When the queries are ready, and you want to move them to your production database where other users and downstream subsystems can take advantage of the data, you can move to the next section and use the same queries and ELT configuration!

Setting Up Managed / serverless Pipeline #

Now let’s see how we can set up the same thing as a cloud pipeline to run periodically.

Sign up to the CloudQuery Platform
Create MotherDuck Account

Syncing Data from HackerNews API to DuckDB #

Once logged into the CloudQuery Platform, Click New Sync from the top right.

The Destination Plugin

This will load the Configure Destination screen. From the Select destination plugin dropdown, choose DuckDB. You can leave the Select destination plugin version and Destination Name fields alone as the defaults will be fine.

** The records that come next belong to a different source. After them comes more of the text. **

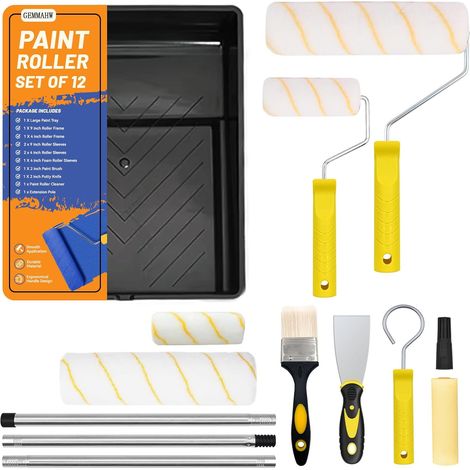 Kit Rouleaux Peinture 12 Pièces - Microfibre et Mousse - Avec Perche Télescopique - Pour Murs Plafonds Bordures - 9 et 4 Pouces (1/5)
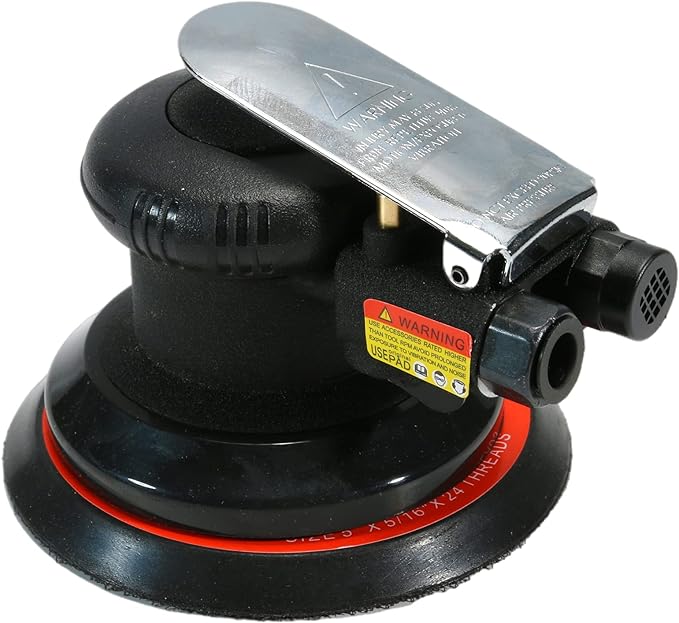 Professional Heavy Duty 5" Dual Action Random Orbit Air Sander, Orbital Pneumatic Palm Sander -Composite Design, Low Vibration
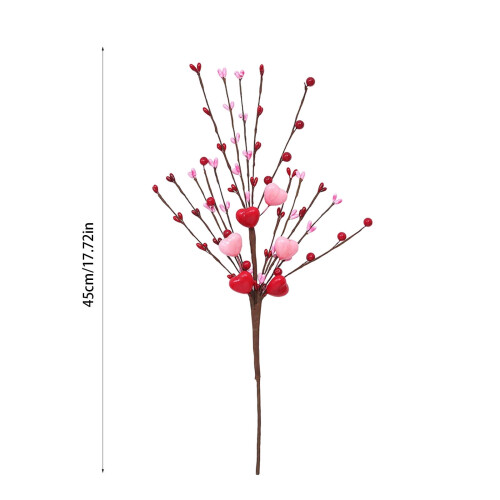 Valentijnsdag Hart Takje Rode Plastic Bessen 45cm 2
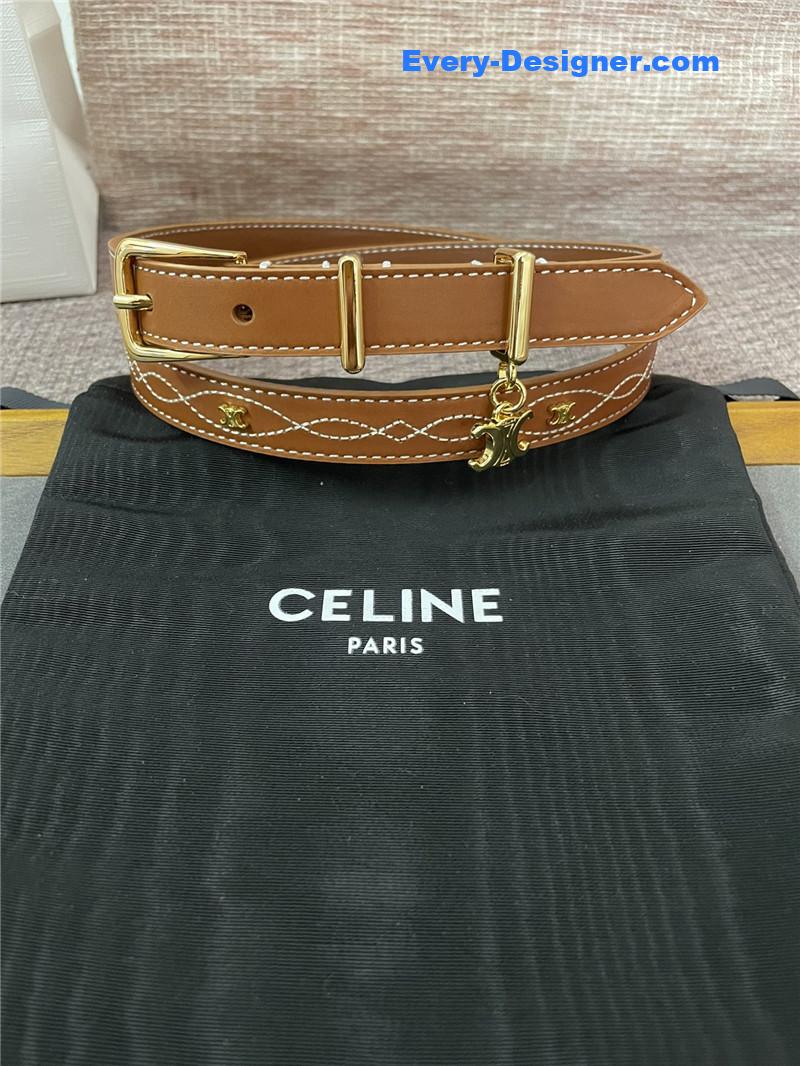 Ce1i*e embroidered belt in vintage calfskin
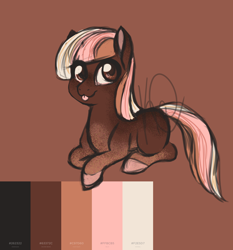 Size: 2800x3000 | Tagged: safe, artist:hippykat13, oc, species:earth pony, species:pony, :3, adoptable, blep, body markings, color palette, colored hooves, cute, digital art, food, ice cream, multicolored hair, neapolitan, obtrusive watermark, sketch, solo, tongue out, watermark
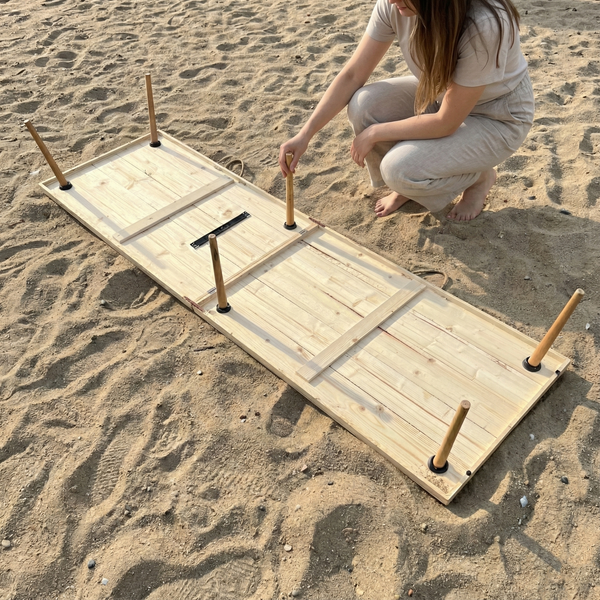 Foldable Wooden Low Table - Tapered Legs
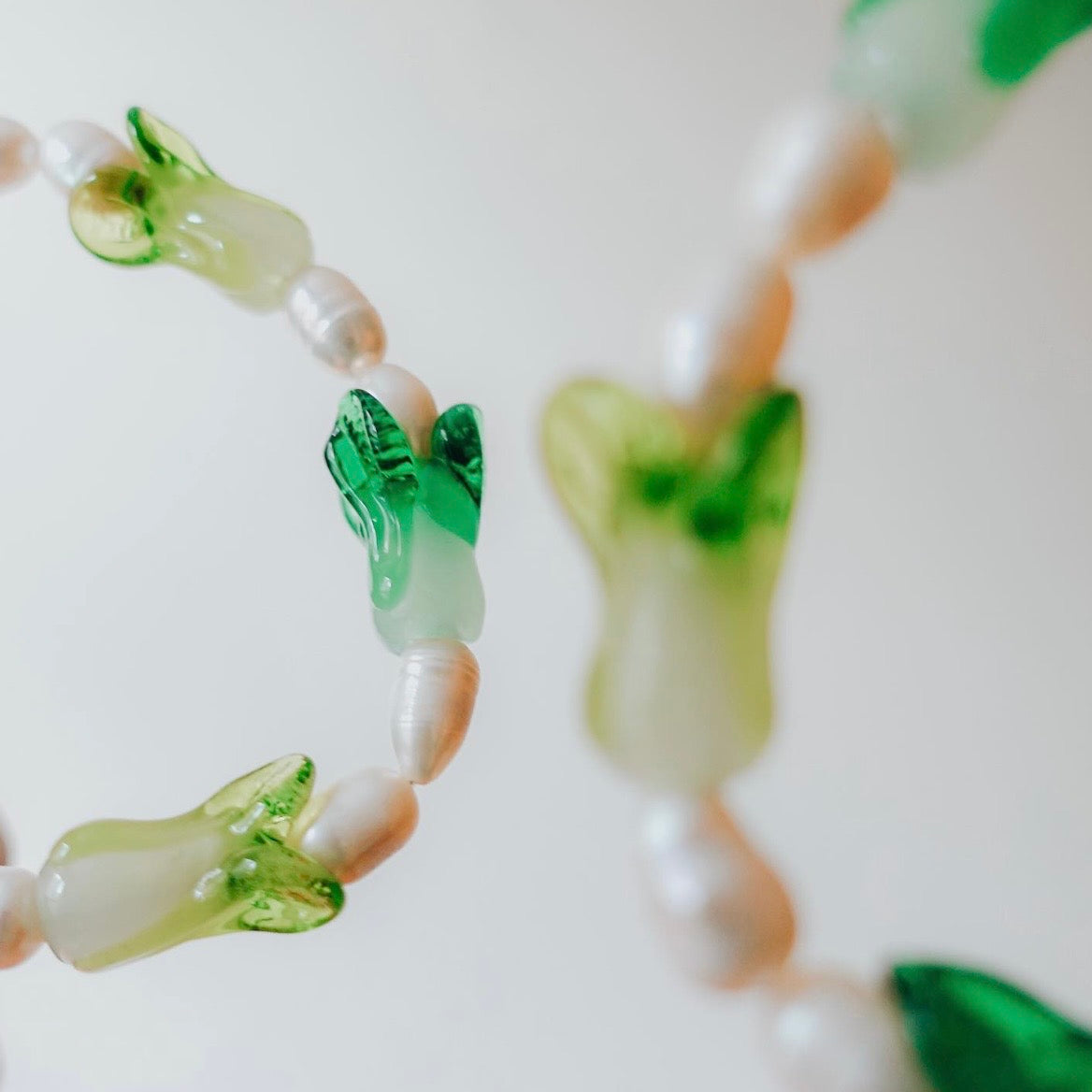 Bok Choy & Fresh Water Pearl Bracelet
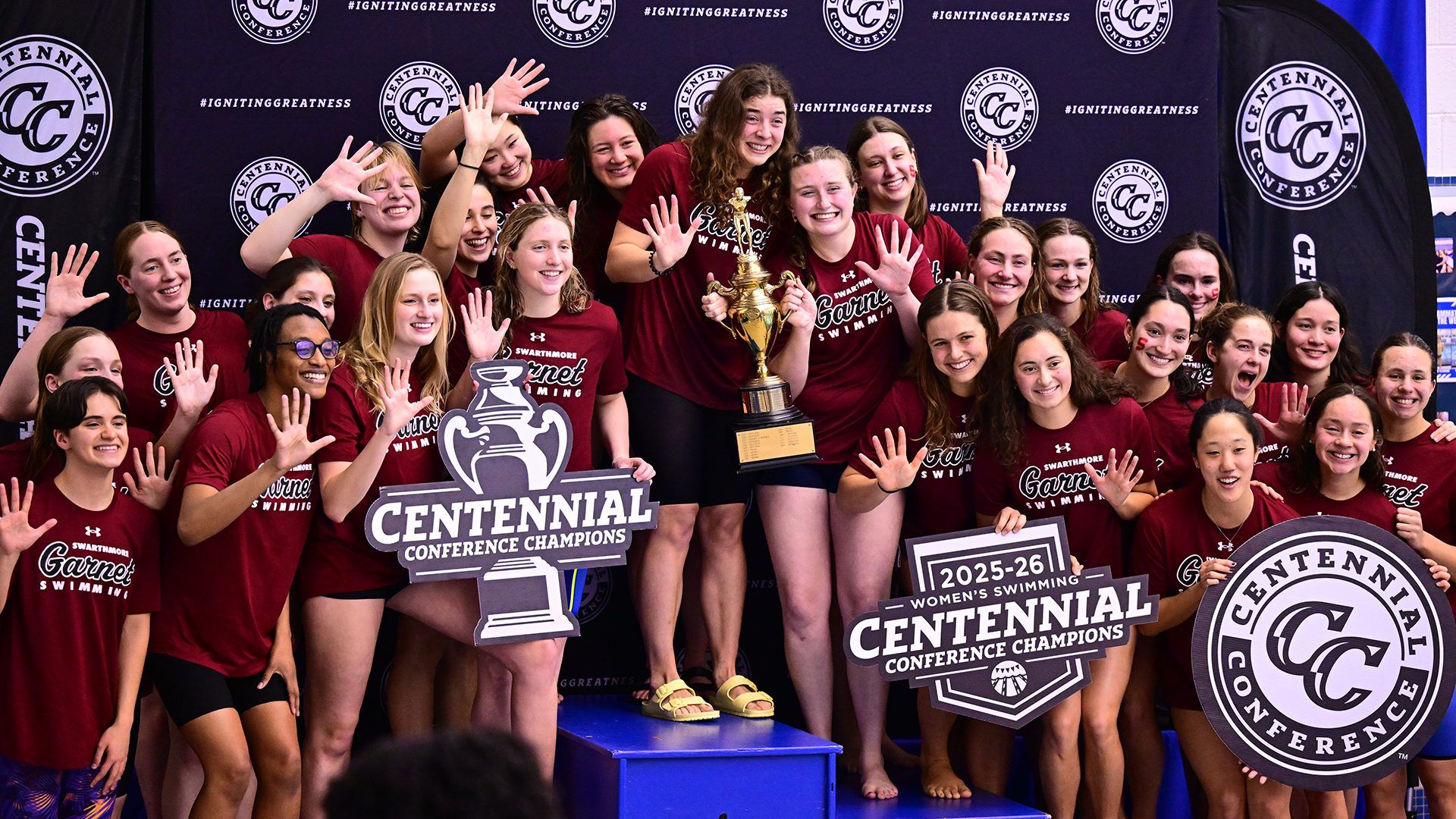 Women's Swimming wins fifth-straight Centennial Championship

The Destination Spec field for MotherDuck should look like the following.

kind: destination
spec:
  name: duckdb
  path: cloudquery/duckdb
  registry: cloudquery
  version: 'v5.1.0'
  write_mode: 'overwrite-delete-stale'
  spec:
    connection_string: 'md:hackernews?motherduck_token=${MOTHERDUCK_TOKEN}'

However, you will need to replace the start of the connection_string (replacing the md:hackernews portion shown here) with the name you want to use for your MotherDuck database (as described in authenticating to MotherDuck).

In this case, you'll notice that we're using CloudQuery's secret injection to securely store the MOTHERDUCK_TOKEN and inject it during run-time. When you selected the DuckDB Destination Plugin this automatically added a secret for this key into the Secret storage, so all you need to do to use it is to paste your MotherDuck Service Token into the Value Field.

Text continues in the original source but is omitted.